Peschke has compiled a team of developers in his building who don’t know what a magazine is and don’t care. They are an “unruly band of misfits” that wants cool stuff on a screen and they want it now. This team’s mission is to deliver content anywhere, any time, on any device.

But since there are so many devices, you can’t possibly get to them all. So they view it as “any screen”. He thinks putting a magazine on the iPad and calling it multimedia is nonsense. “It’s all about the customer experience,” he reminds us.

From this realization, they came up with design criteria for a digital world focused on screens, not devices.
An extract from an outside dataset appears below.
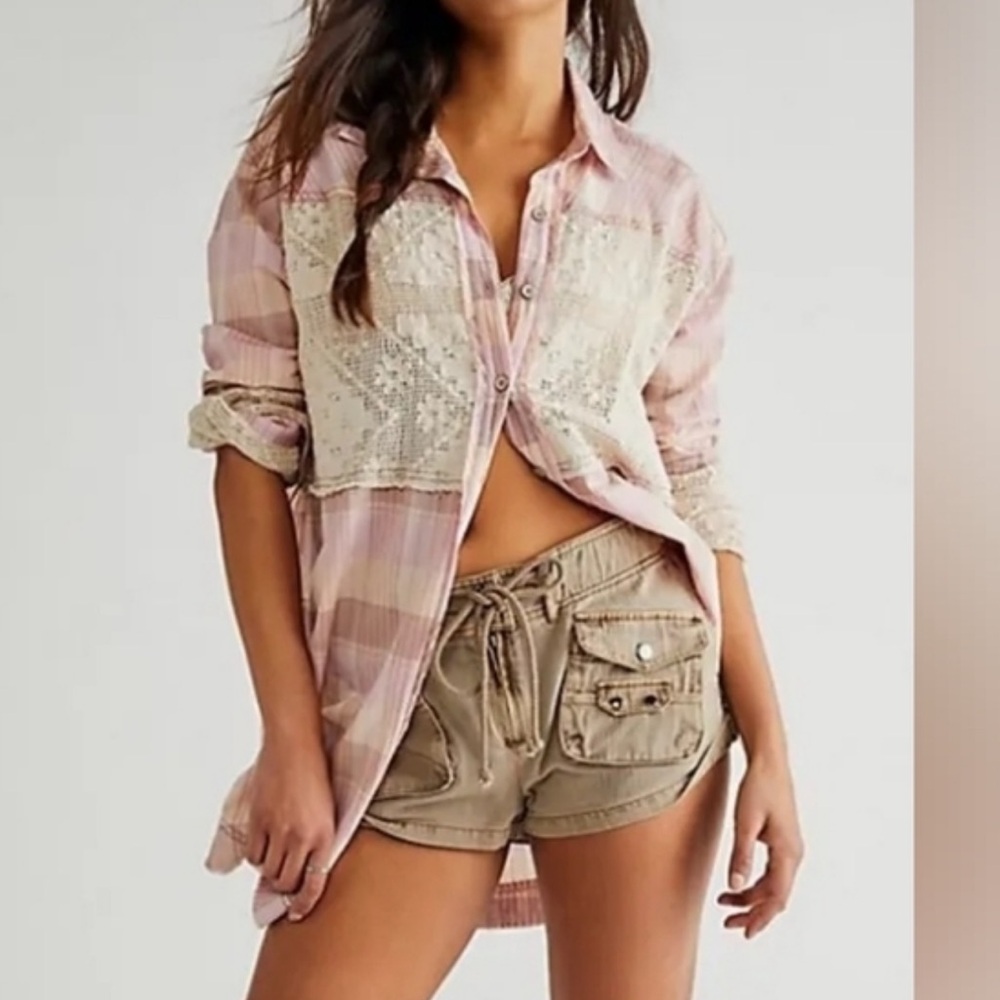 Free People Double Cross Cutwork Plaid Top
It starts out with seven strategies, the seven “F-words”, as he described them:

  1. Form Factor (screen design)
  2. Function (click, swipe, tap)
  3. Fractionalize (instead of big content on paper, smaller and smaller on digital)
  4. Format (multimedia, sound bits, voice over, etc.)
  5. Fast, fun, informative. (you’re always one click away from losing your customer)
  6. File size (customer base, your #s have to be big enough to do this)
  7. Financial (how is the user going to pay for this)

The seven strategies above then lead to identifying the seven screens:

  1. Email
  2. Web
  3. TV
  4. IPTV (web TV)
  5. Smart phones
  6. iPads/tablets
  7. 7th screen (the conceptual next step that asks the question, “if we’re putting all this time and money into screen design, where do we wind up?”)

Peschke then rolled through each of the screens and noted success he’s had in each. For email, his list size has grown from 50K in 2008 to the 300K they’ll get in 2011. Now that they’ve got the volume, the revenue is following. Their enhanced video slide shows with ads for their magazine can yield up to $800 CPMs.

What’s next?

Peschke says the iPad has forced them to shift their thinking. “Magazines as we know them are dead.” With web-enabled TV as the future, “TV as we know it is also dead,” said Peschke. Recent Forrester research shows people prefer web browsers to apps, so designing for a screen allows you to be device-agnostic.

“What you can do visually on a screen is to present something to a customer that’s the same content, but totally different experience. Think screens, not devices,” said Peschke. “Keep the seven criteria in mind for each type of screen, monetizing content by making each customer experience a compelling purchase for them.”